Last fall Mary Grace told me about a high-school senior project she wanted to tackle. She was to participate in National Novel Writing Month, something devised to promote literacy among teens. Sounded good so far.
The goal was to write 50,000 words in one month, roughly 1,667 words per day. If you don’t think that’s a lot of words, try it one day. Then try it again the next day.
This wasn’t to be written in that pidgin Latin that teens use to text, either, but correct language and complete sentences.
I assumed this typing frenzy was to demonstrate that if you sit down and put your mind to it, you’ll eventually have a book-length manuscript, if not a book.
I struggle with my few hundred words per week, so initially I had my doubts. But Mary Grace’s email explaining her project had a postscript: “I already have over 16,000 words written.”
At first I thought this was unrealistic, writing anything that long and so quickly that made any kind of sense. Then I remembered Ernest Hemingway wrote the first draft of “The Sun Also Rises” in eight weeks, and it was 60,000 well-chosen words.
Mary Grace already had her idea, too, which for anyone — Hemingway to Harlequin — is the hard part. Three adult women who haven’t seen one another in the 30 years since high school have a reunion. The tension necessary for a good plot is built into that situation, trust me.
So I agreed to be her “mentor,” using the term loosely. This girl did not need my help. She had an idea, lots of jumping-off words and the discipline of a Carthusian monk.
She finished. Of course she did. I have seen a small part of it. The fictional dialogue was better than anything I could have done. I know, because I’ve tried to write dialogue. It’s difficult.
I think the main lesson here was that if you sit down to task every day, eventually your work will be done. If your routine is constant, it might be done more quickly than you’d expect. In other words, Rome wasn’t built in a day.

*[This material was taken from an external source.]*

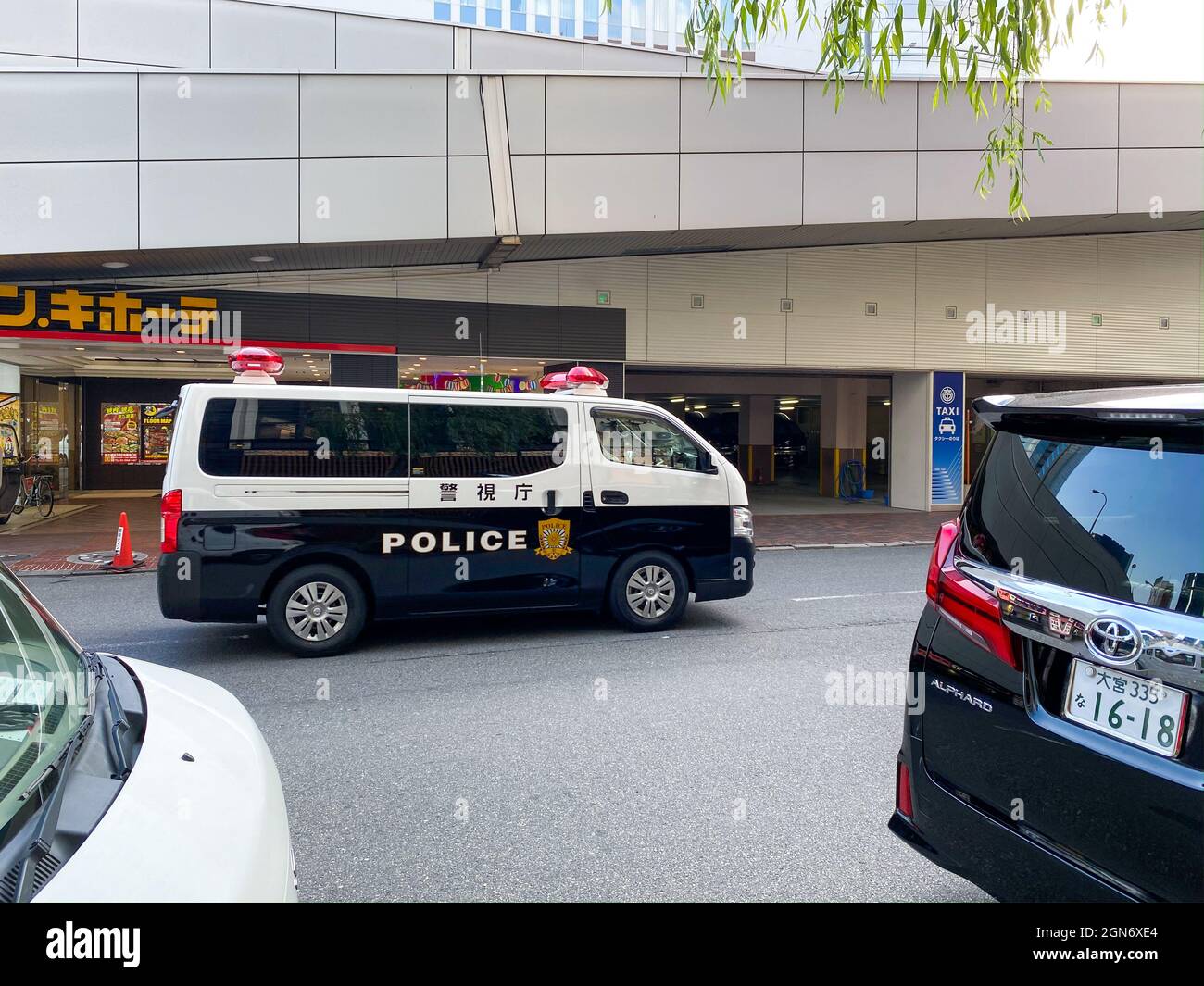 Tokyo, Japan - 19 November 2019: Japanese police van rushing through the street in Tokyo Stock Photo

It’s one lesson I learned from this young woman’s effort. Another: Young people don’t know some things are nigh impossible, so they succeed.
We finished up our mentor-student relationship on the same porch where Mary Grace and her brother Patrick used to romp with my big yellow dog. Mary Grace had to interview me.
What’s the hardest part of writing for you, she asked in an official voice. Getting started, I said.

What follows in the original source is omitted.